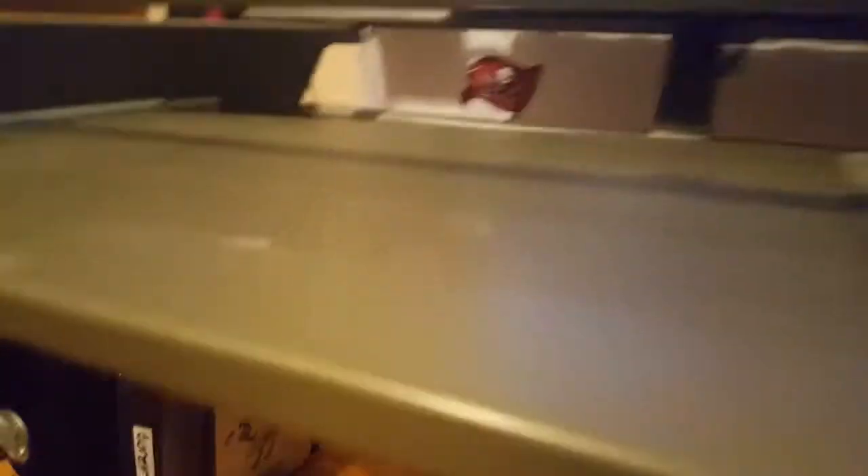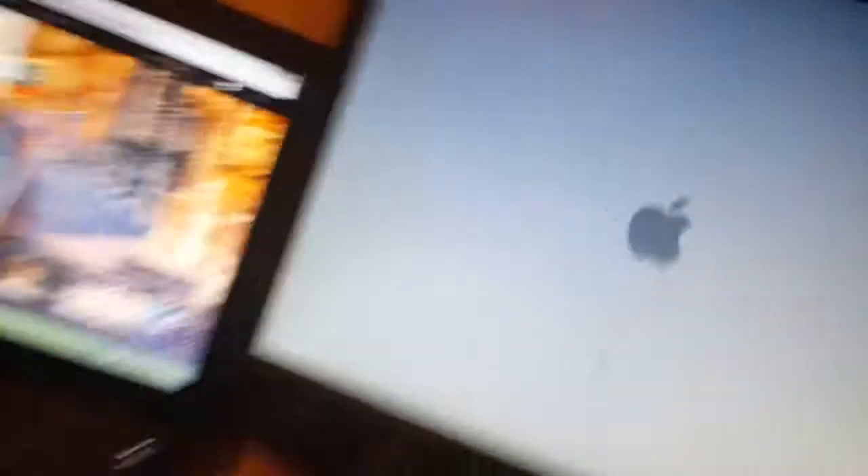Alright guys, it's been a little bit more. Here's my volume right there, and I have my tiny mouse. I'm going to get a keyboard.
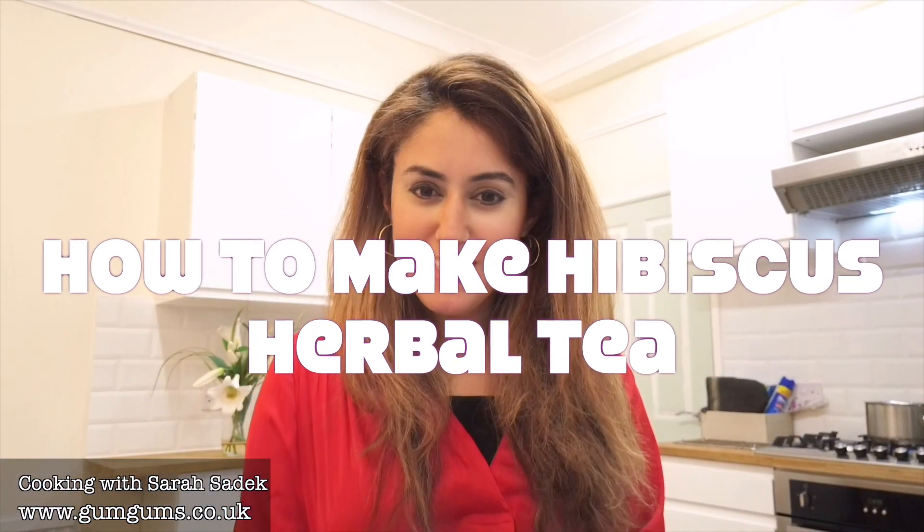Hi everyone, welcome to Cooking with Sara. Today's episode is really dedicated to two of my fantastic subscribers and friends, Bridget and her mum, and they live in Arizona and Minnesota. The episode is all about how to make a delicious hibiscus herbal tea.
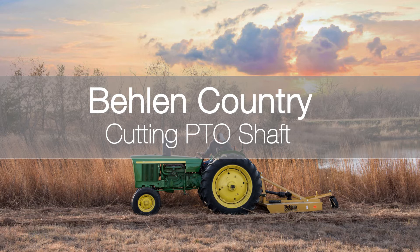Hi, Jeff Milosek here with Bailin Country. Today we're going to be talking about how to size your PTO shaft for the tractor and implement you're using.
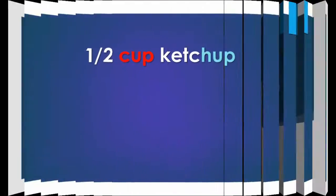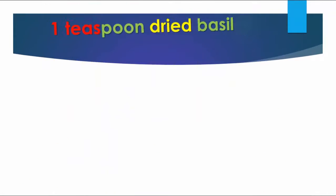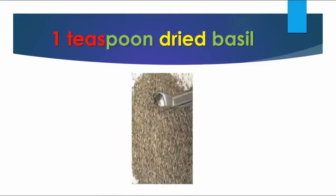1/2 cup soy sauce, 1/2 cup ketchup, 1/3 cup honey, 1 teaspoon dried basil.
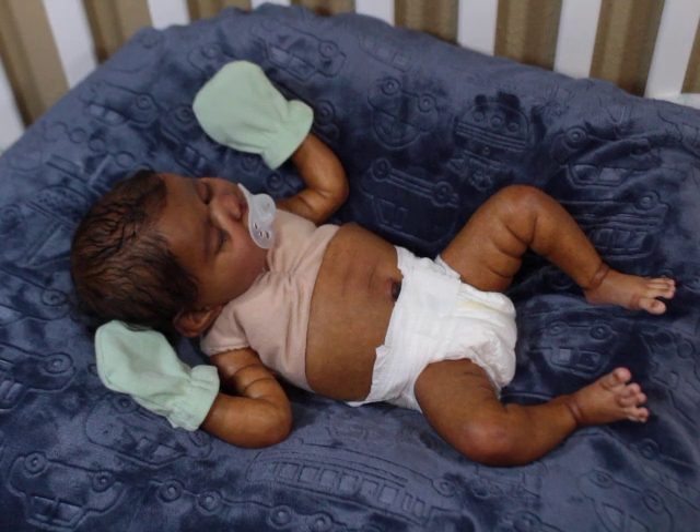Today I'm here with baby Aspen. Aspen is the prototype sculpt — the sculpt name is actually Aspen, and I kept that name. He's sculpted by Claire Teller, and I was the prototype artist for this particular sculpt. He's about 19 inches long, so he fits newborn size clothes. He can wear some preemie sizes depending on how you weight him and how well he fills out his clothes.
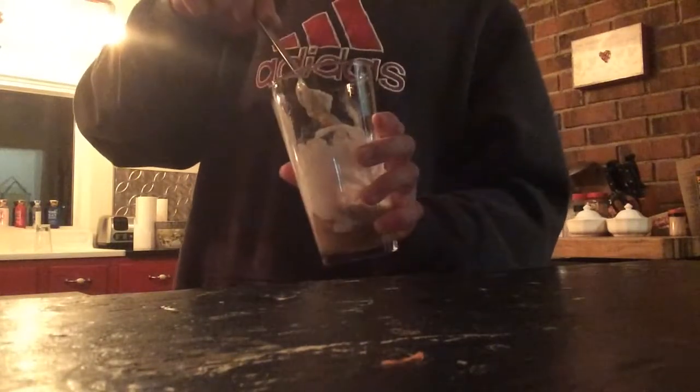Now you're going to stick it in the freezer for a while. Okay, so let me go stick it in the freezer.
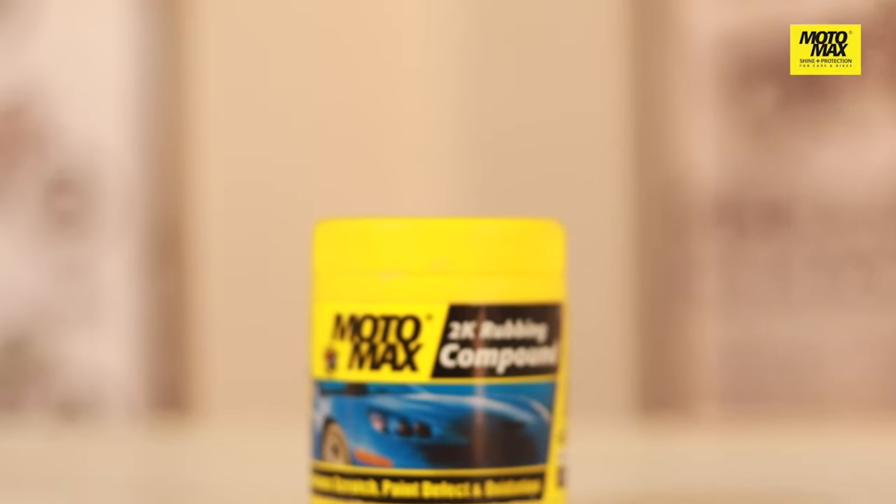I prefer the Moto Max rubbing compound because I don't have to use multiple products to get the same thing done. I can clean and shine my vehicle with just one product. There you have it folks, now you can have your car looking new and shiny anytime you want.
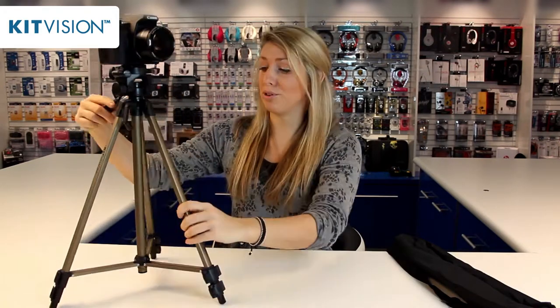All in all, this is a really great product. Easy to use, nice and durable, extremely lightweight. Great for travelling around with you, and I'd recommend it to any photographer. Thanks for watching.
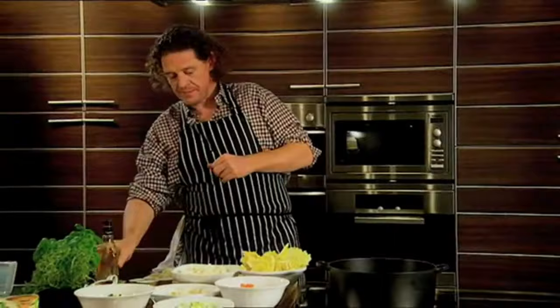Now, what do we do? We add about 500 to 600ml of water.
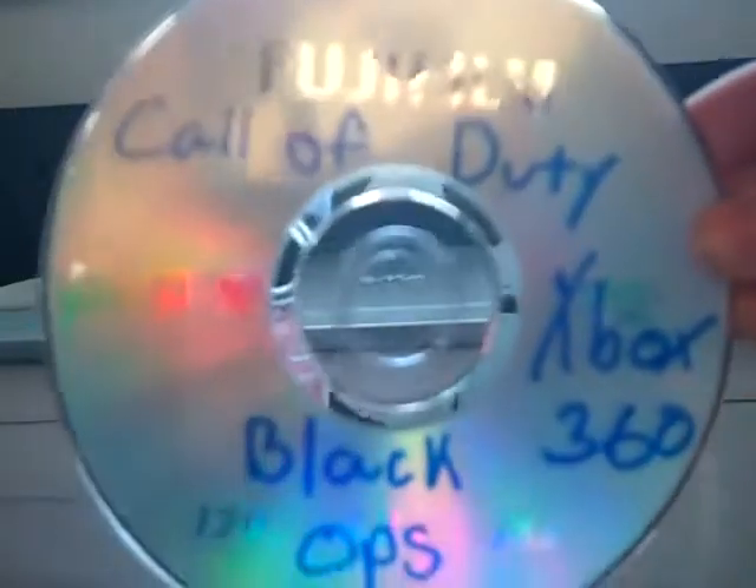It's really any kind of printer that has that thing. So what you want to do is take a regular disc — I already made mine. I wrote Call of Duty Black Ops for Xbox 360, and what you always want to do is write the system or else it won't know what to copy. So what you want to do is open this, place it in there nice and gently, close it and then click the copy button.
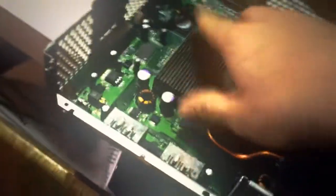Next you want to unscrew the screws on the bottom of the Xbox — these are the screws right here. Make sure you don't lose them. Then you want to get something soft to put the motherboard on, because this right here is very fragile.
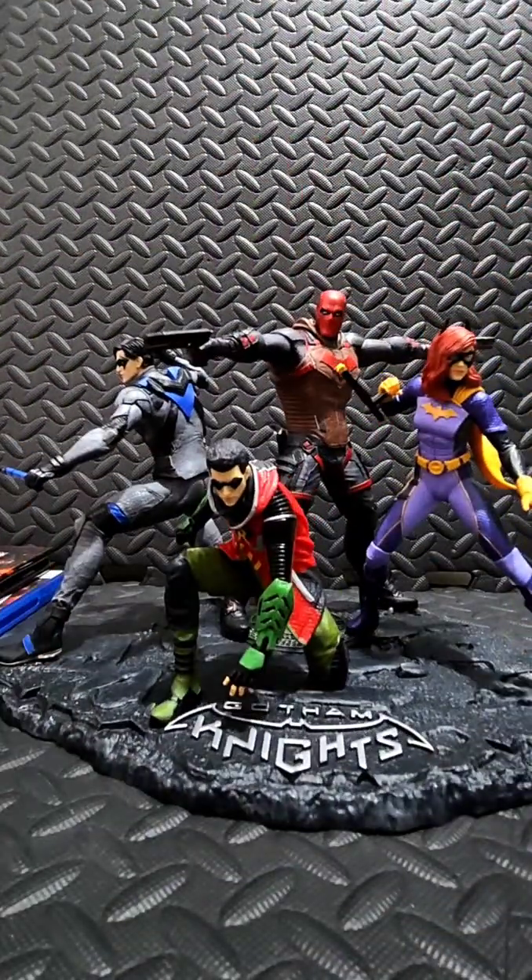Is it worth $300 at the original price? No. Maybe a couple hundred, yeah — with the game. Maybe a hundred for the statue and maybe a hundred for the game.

# Task
Once the pictures are dropped, set down everything else in the records exactly.

# Task response
Alright guys, it's been a little bit more. Here's my volume right there, and I have my tiny mouse. I'm going to get a keyboard.
Hi everyone, welcome to Cooking with Sara. Today's episode is really dedicated to two of my fantastic subscribers and friends, Bridget and her mum, and they live in Arizona and Minnesota. The episode is all about how to make a delicious hibiscus herbal tea.
Hi, Jeff Milosek here with Bailin Country. Today we're going to be talking about how to size your PTO shaft for the tractor and implement you're using.
1/2 cup soy sauce, 1/2 cup ketchup, 1/3 cup honey, 1 teaspoon dried basil.
Today I'm here with baby Aspen. Aspen is the prototype sculpt — the sculpt name is actually Aspen, and I kept that name. He's sculpted by Claire Teller, and I was the prototype artist for this particular sculpt. He's about 19 inches long, so he fits newborn size clothes. He can wear some preemie sizes depending on how you weight him and how well he fills out his clothes.
Now you're going to stick it in the freezer for a while. Okay, so let me go stick it in the freezer.
I prefer the Moto Max rubbing compound because I don't have to use multiple products to get the same thing done. I can clean and shine my vehicle with just one product. There you have it folks, now you can have your car looking new and shiny anytime you want.
All in all, this is a really great product. Easy to use, nice and durable, extremely lightweight. Great for travelling around with you, and I'd recommend it to any photographer. Thanks for watching.
Now, what do we do? We add about 500 to 600ml of water.
It's really any kind of printer that has that thing. So what you want to do is take a regular disc — I already made mine. I wrote Call of Duty Black Ops for Xbox 360, and what you always want to do is write the system or else it won't know what to copy. So what you want to do is open this, place it in there nice and gently, close it and then click the copy button.
Next you want to unscrew the screws on the bottom of the Xbox — these are the screws right here. Make sure you don't lose them. Then you want to get something soft to put the motherboard on, because this right here is very fragile.
Is it worth $300 at the original price? No. Maybe a couple hundred, yeah — with the game. Maybe a hundred for the statue and maybe a hundred for the game.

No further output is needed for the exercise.